Segment Start: Records shown

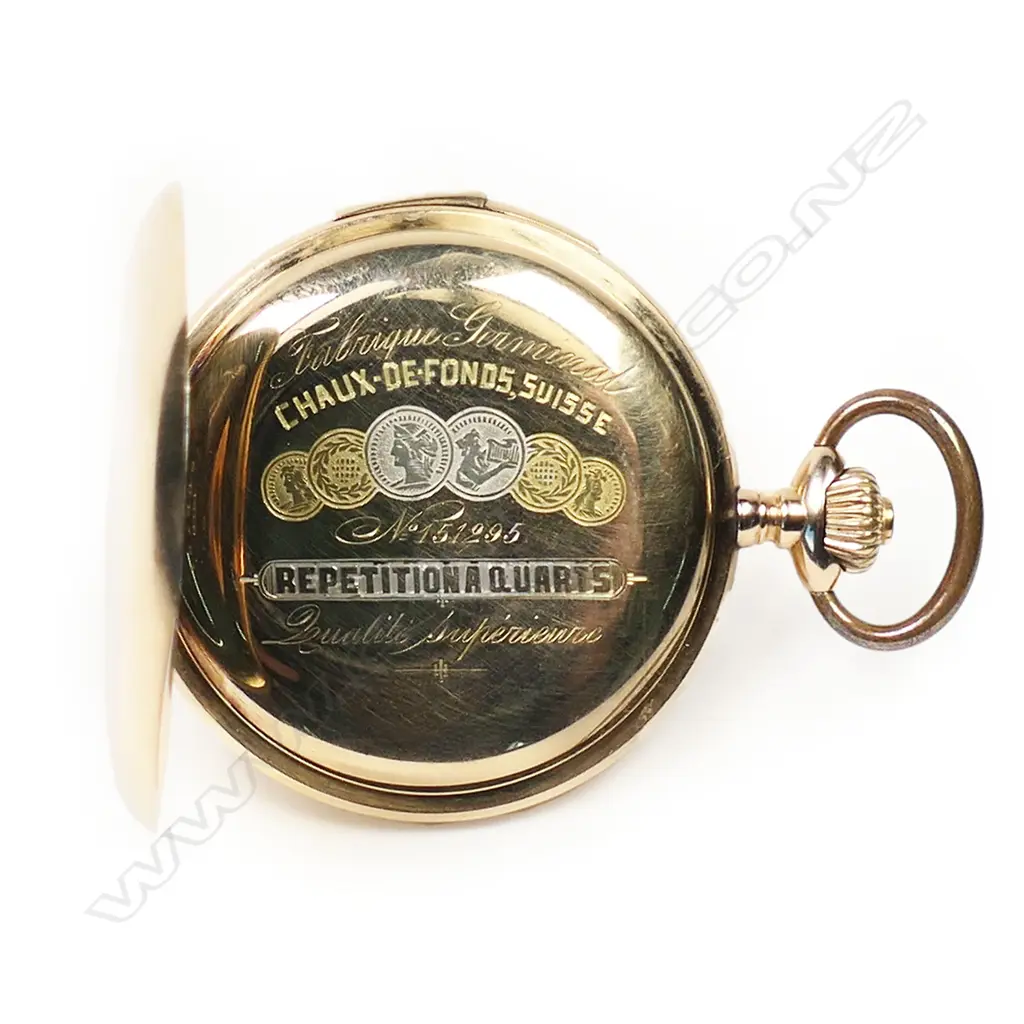 A 14ct gold cased full hunter, quarter repeater mechanism pocket watch,  'Fabrique Germinal, Chaux-De-Fonds. Suisse No.151295' Image 1++
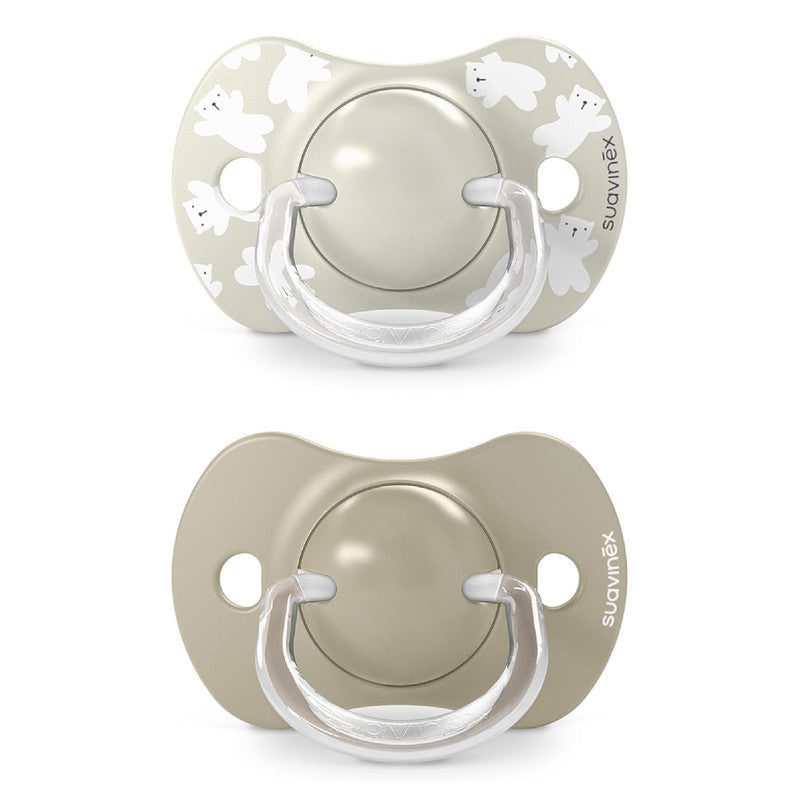 Suavinex, Pack of 2 Pacifiers for Babies 6/18 Months, with Physiological Silicone Teat SX Pro Symmetrical, Flat and Flexible, Respects Oral Development, Wild&Free Beige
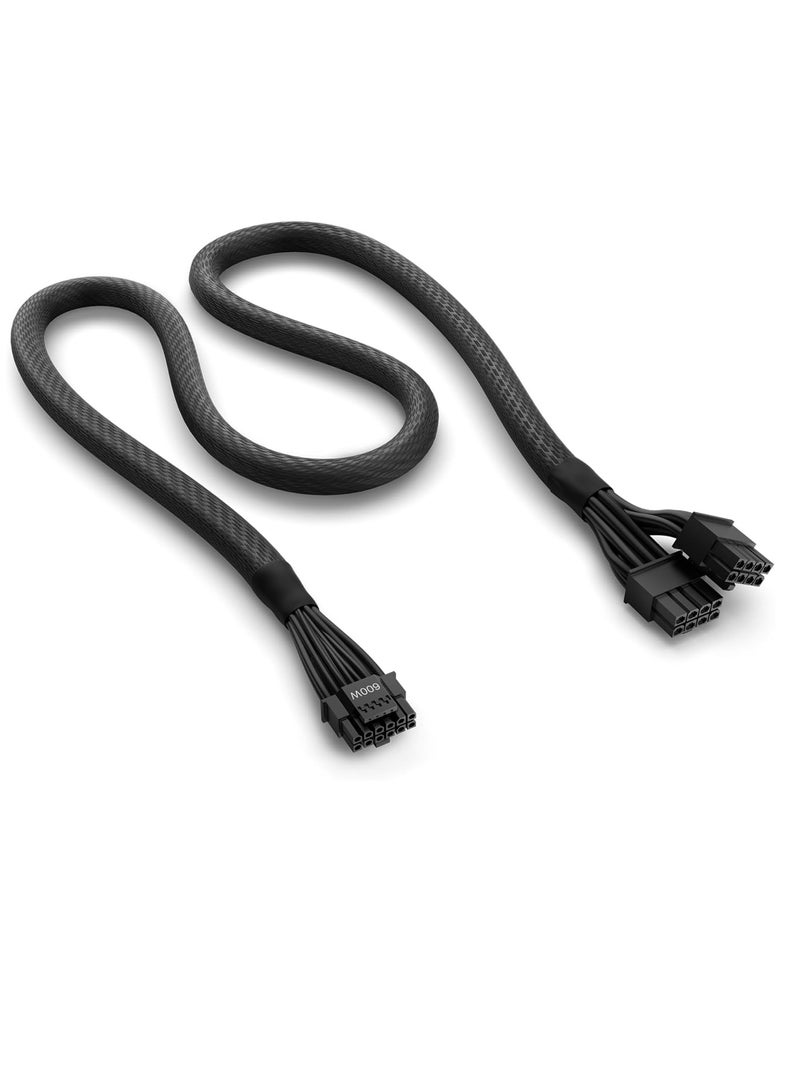 NZXT NZXT 12VHPWR Adapter Cable,12+4-Pin (16-Pin), 12HVPWR to Dual 8-Pin PCIe Connectors, Black - Image 1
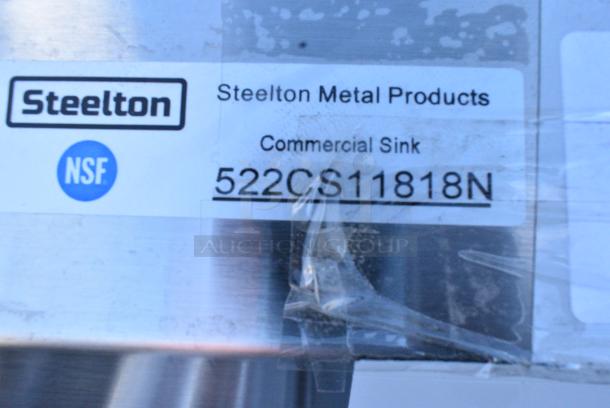 BRAND NEW SCRATCH AND DENT! Steelton 522CS11818N 23 1/2" 18-Gauge Stainless Steel One Compartment Commercial Sink without Drainboard - 18" x 18" x 12" Bowl. No Legs. - Image 4 of 4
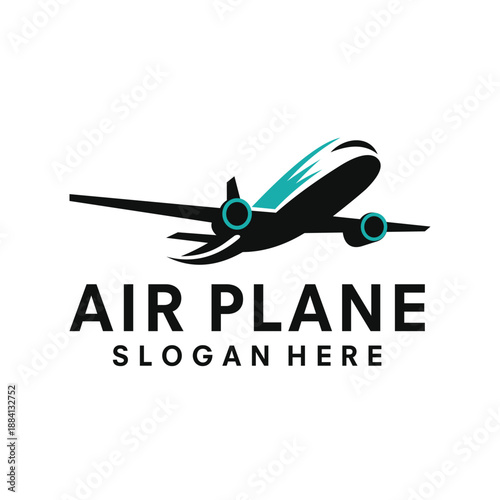 Plane travel icon. logo vector template illustration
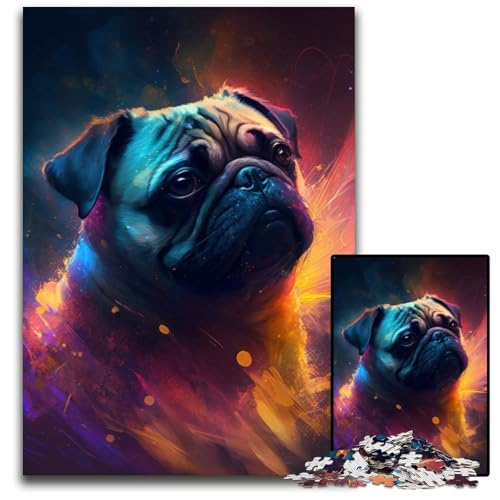 Fantasy-Mops-Puzzle für Erwachsene, 1000-teiliges, schwieriges Puzzle für Erwachsene, Denkspiel für Teenager und Familieninteraktion, 26x38cm/10,23x14,96 Zoll Fantasy-Mops-Puzzle für Erwachsene, 1000-teiliges, schwieriges Puzzle für Erwachsene, Denkspiel für Teenager und Familieninteraktion, 26x38cm/10,23x14,96 Zoll von RZFWJL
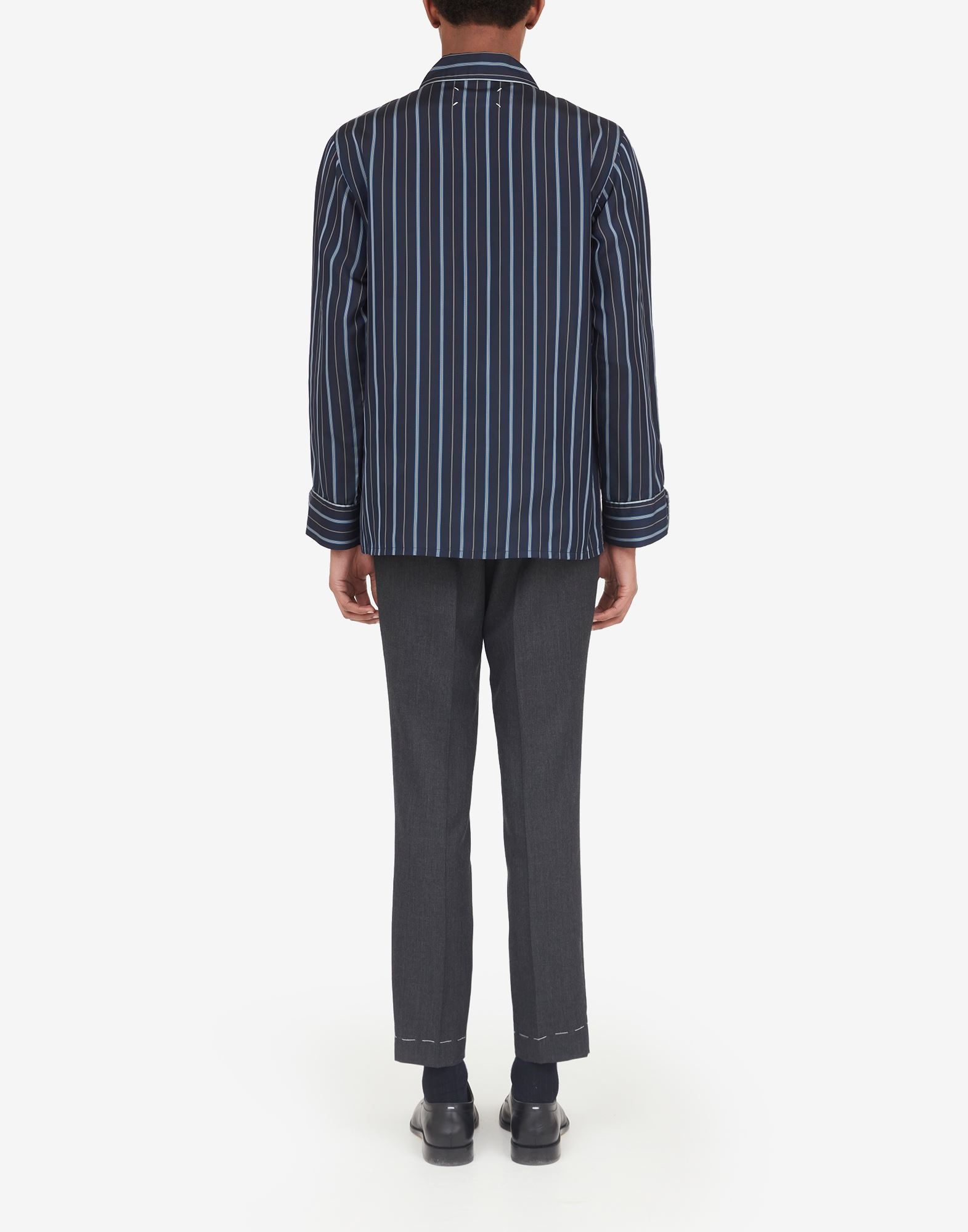 Pinstripe cupro shirt - 4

Segment End: Records shown

■ What is being asked
Since only the text is needed, retype the data above exactly and omit the pictures.

■ Task response
 A 14ct gold cased full hunter, quarter repeater mechanism pocket watch,  'Fabrique Germinal, Chaux-De-Fonds. Suisse No.151295' Image 1++
 Suavinex, Pack of 2 Pacifiers for Babies 6/18 Months, with Physiological Silicone Teat SX Pro Symmetrical, Flat and Flexible, Respects Oral Development, Wild&Free Beige
 NZXT NZXT 12VHPWR Adapter Cable,12+4-Pin (16-Pin), 12HVPWR to Dual 8-Pin PCIe Connectors, Black - Image 1
 BRAND NEW SCRATCH AND DENT! Steelton 522CS11818N 23 1/2" 18-Gauge Stainless Steel One Compartment Commercial Sink without Drainboard - 18" x 18" x 12" Bowl. No Legs. - Image 4 of 4
 Plane travel icon. logo vector template illustration
 Fantasy-Mops-Puzzle für Erwachsene, 1000-teiliges, schwieriges Puzzle für Erwachsene, Denkspiel für Teenager und Familieninteraktion, 26x38cm/10,23x14,96 Zoll Fantasy-Mops-Puzzle für Erwachsene, 1000-teiliges, schwieriges Puzzle für Erwachsene, Denkspiel für Teenager und Familieninteraktion, 26x38cm/10,23x14,96 Zoll von RZFWJL
 Pinstripe cupro shirt - 4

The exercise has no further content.